Another Technology for Reversing Memory Loss

There is a slight risk — less than 0.1% — of seizures with TMS treatment. And certain factors can increase that risk, such as sleep deprivation, family history of seizures, alcohol use and a previous neurological condition, according to a 2015 article published in the journal Neuropsychiatric Disease and Treatment.

Schneider specializes in another type of non-invasive brain stimulation, called Transcranial Direct Current Stimulation, or tDCS, that has an even lower risk for seizures.

It differs from TMS in a few ways. One, it’s much more portable. The machine itself is about the size of a deck of cards, and it’s wired to two small sponge electrodes that you put on your scalp and cover up with a headband.

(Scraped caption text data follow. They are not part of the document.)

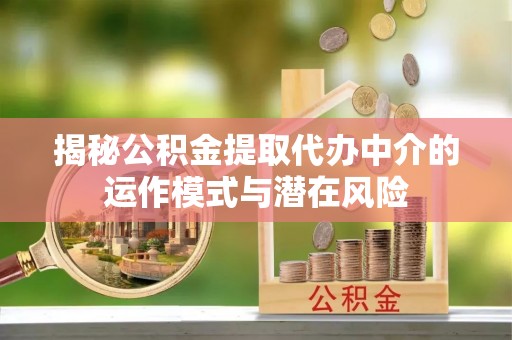 南陵揭秘公积金提取代办中介的运作模式与潜在风险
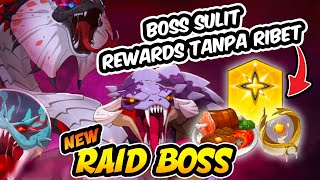 TIDAK HARUS TRY HARD  Raid BOSS Terbaru Bisa Ganti Element  BLACK CLOVER MOBILE [upl. by Anavlys]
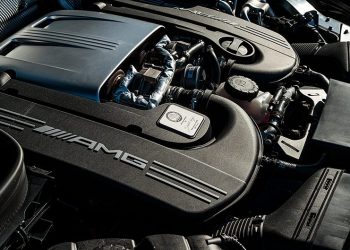 Mercedes-AMG GLC 63S engine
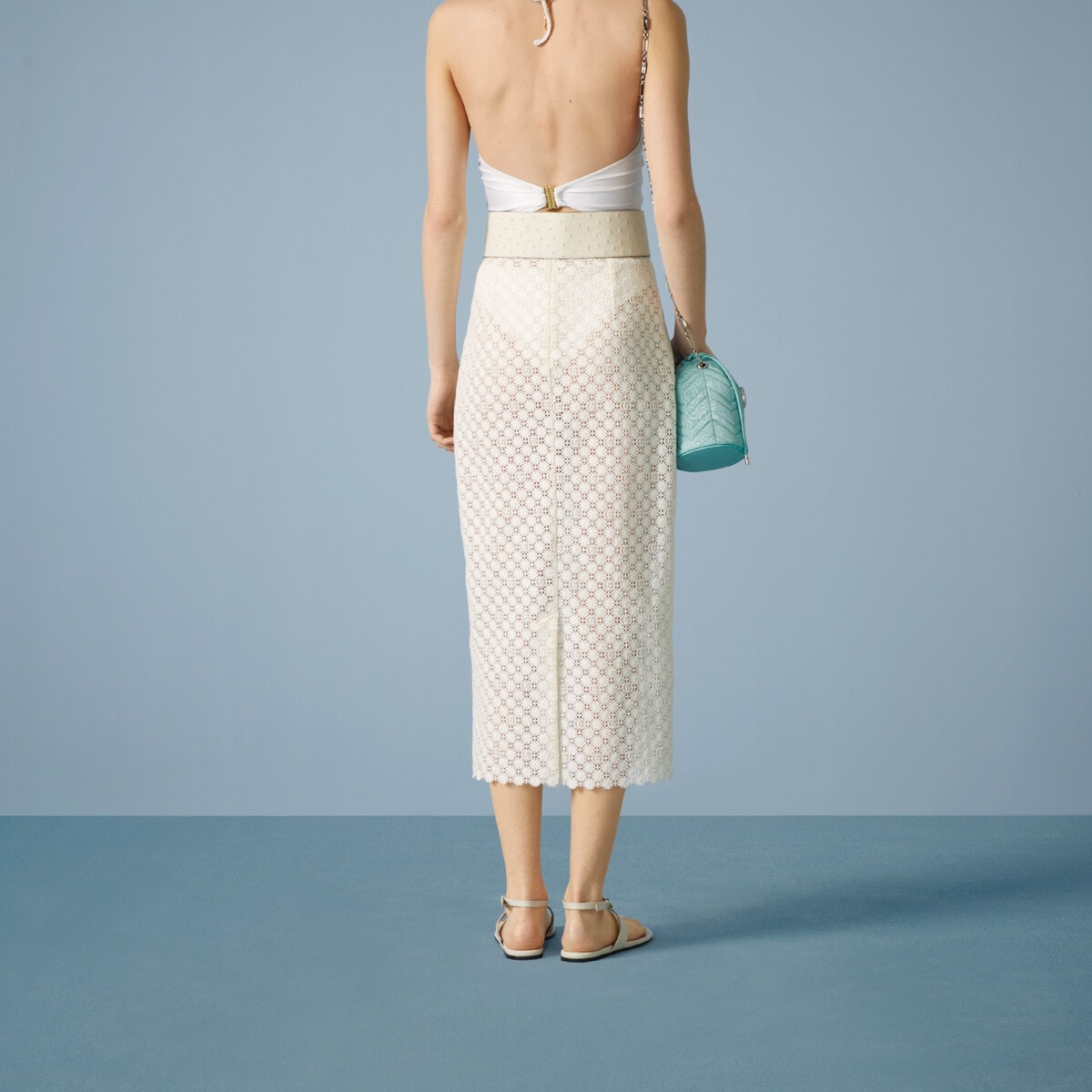 Double G flower lace skirt - 6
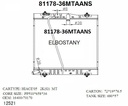 RADIATOR:TOYOTA:81178 -36MT AA NS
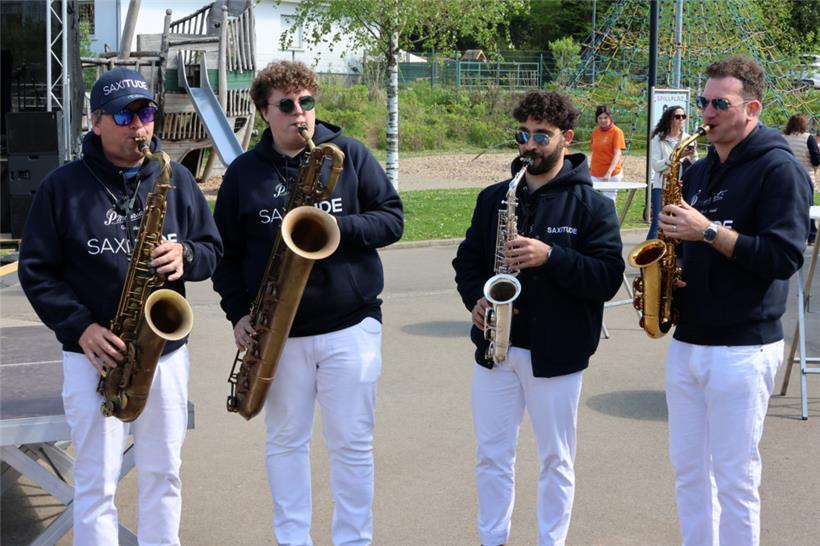 Saxitude sorgte in Koerich für gute Stimmung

Rather than being confined to a chair, as with TMS treatments, patients undergoing tDCS can put the gadget into a fanny pack and walk around.

Second, it works with a smaller dose of magnetism and electricity. “Imagine if you wanted to turn on a light switch, and the switch was the size of a grain of rice,” says Schneider. “You won’t feel anything, but it will begin to change some of the chemicals floating around in your brain.”

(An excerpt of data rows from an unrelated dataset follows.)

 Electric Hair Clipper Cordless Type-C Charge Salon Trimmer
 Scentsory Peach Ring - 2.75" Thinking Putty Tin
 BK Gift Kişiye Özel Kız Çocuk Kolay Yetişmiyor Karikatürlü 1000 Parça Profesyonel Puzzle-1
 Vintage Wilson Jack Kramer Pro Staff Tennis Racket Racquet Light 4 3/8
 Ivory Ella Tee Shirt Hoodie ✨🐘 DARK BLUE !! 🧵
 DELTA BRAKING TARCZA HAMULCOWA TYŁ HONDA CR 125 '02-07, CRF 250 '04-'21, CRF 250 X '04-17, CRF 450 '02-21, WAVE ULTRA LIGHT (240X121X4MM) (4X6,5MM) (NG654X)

The biggest effect of tDCS is it begins to change the way your brain is wired, affecting its neuroplasticity. Think of it like a bypass, Schneider says. If one part of your brain is blocked and not working (i.e., having memory problems), tDCS can slowly build up a new neural pathway that bypasses that section.

Again, more research is needed, but there have been studies showing that strategically applied tDCS can temporarily improve thinking skills in healthy older adults, says Tracy Vannorsdall, a neuroscientist at John Hopkins Medicine in Baltimore.

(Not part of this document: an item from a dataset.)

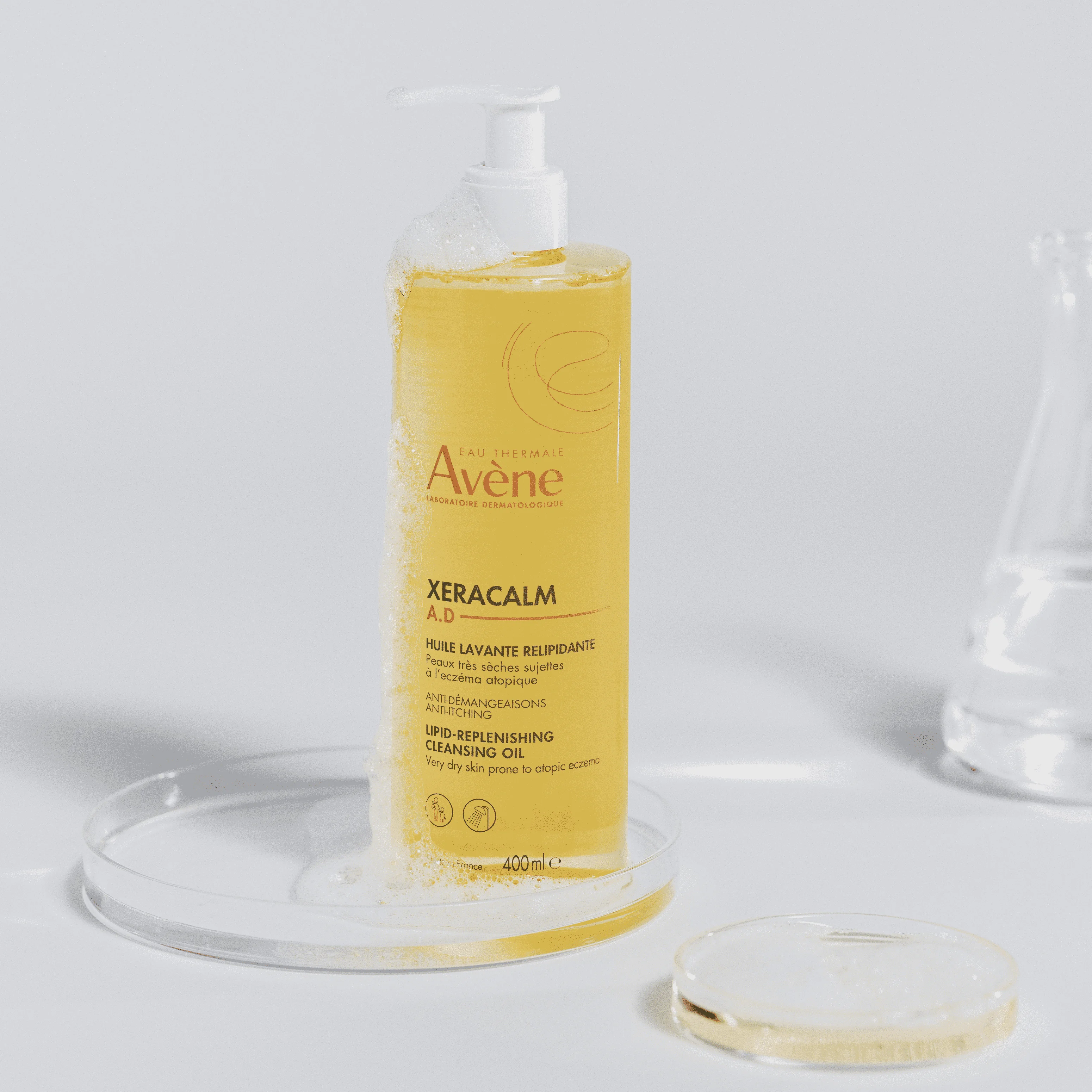 Eau Thermale Avène Xeracalm A.D Olio Detergente Liporestitutivo Prurito, 400 ml Pelle Secca a Tendenza Atopica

However, “We are still working to determine what brain regions to target to optimize cognition in older adults, how frequently to apply tDCS and what cognitive training activities should accompany the stimulation,” Vannorsdall adds.

Non-Tech Ways to Improve Memory Loss

If you’re experiencing some age-related memory loss but not ready to seek technology-based treatment (or it isn’t available in your area), there are other actions you can take. Here are a few tips from the experts for strengthening your memory:

  • Don’t stress. “When you get anxious and think your memory is going down the drain, it does,” Schneider says. It turns into a self-fulfilling, yet temporary cycle. So, chill out and realize this is normal.
  • Evaluate your diet. A healthy diet is important for maintaining good memory function. Also, a few studies have shown that restricting calories improves memory in older adults.
  • Exercise. Vigorous physical exercise, if you are able to do it safely, is the best thing you can do for your memory. Find a way to get 30 minutes of vigorous exercise a few days a week.
  • Try something new. Engaging in new activities that keep you socially and physically active, such as ballroom dancing or gardening clubs, are great ways to keep your brain sharp as you age.
  • Limit alcohol. Keep consumption to, say, half a glass of wine a day or less.
  • Learn another language. This is the single best thing for keeping your mind in tune, Schneider says, because it requires your conscious memory to work hard.